Problem to solve:
Lines to return, exactly: from the line with "tea cups and saucers on a table" to the line with "a very tall" in the entries below, both included.

[Stored data entries]
★ ★ ★

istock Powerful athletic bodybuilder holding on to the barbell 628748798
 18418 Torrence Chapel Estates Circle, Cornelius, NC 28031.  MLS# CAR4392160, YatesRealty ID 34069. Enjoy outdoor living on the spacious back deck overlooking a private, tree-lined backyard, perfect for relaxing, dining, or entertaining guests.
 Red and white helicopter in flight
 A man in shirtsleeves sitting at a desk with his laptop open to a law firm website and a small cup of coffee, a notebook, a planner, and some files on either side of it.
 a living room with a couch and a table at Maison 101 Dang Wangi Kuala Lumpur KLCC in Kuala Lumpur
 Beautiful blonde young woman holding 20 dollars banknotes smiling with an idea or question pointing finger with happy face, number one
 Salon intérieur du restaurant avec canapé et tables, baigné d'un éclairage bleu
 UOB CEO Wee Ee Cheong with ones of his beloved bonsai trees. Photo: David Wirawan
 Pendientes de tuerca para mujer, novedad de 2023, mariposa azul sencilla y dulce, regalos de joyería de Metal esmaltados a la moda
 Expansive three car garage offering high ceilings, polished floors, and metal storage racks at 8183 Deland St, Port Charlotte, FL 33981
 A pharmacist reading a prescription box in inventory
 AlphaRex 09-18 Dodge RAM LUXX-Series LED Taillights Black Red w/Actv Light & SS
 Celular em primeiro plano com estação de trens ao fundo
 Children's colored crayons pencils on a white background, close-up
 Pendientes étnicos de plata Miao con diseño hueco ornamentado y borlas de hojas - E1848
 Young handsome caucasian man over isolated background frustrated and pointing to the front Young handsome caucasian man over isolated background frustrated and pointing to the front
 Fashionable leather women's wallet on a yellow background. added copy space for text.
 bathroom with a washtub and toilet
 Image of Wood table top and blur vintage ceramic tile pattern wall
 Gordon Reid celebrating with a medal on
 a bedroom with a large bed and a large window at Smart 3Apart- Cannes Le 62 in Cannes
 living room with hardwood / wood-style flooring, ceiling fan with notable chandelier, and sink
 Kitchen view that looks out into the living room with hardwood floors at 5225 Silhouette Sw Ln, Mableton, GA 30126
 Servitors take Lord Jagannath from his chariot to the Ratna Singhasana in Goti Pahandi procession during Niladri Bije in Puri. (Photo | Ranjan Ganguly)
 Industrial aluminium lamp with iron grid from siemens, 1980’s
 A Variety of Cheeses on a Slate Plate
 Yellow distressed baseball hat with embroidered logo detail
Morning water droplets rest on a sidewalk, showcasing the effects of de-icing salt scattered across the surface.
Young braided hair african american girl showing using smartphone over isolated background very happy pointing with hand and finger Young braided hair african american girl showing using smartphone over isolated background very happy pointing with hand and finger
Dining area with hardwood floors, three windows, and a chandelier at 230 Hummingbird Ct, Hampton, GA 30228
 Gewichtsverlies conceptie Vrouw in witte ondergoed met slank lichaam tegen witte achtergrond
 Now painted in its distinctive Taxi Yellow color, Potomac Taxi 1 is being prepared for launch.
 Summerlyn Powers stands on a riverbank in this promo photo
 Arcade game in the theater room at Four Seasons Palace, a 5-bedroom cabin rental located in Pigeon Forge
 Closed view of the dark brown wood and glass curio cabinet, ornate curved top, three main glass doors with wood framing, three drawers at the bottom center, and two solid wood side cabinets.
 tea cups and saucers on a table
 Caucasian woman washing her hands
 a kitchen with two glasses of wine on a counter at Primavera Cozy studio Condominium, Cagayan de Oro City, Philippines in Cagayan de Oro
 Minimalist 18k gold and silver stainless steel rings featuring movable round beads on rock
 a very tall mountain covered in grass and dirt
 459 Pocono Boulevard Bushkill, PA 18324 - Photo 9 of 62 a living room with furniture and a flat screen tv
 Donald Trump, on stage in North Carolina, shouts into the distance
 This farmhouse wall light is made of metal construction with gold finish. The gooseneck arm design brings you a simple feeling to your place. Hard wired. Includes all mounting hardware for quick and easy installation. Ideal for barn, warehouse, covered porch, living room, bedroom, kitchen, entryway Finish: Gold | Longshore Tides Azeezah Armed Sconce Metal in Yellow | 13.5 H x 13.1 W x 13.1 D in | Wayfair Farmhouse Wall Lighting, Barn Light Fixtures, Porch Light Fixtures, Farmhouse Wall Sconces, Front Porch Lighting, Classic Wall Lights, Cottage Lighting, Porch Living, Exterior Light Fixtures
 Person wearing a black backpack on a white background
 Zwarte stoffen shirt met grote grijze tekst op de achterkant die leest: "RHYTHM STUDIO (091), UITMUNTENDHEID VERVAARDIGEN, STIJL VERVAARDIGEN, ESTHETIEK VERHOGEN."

★ ★ ★

Result:
 tea cups and saucers on a table
 Caucasian woman washing her hands
 a kitchen with two glasses of wine on a counter at Primavera Cozy studio Condominium, Cagayan de Oro City, Philippines in Cagayan de Oro
 Minimalist 18k gold and silver stainless steel rings featuring movable round beads on rock
 a very tall mountain covered in grass and dirt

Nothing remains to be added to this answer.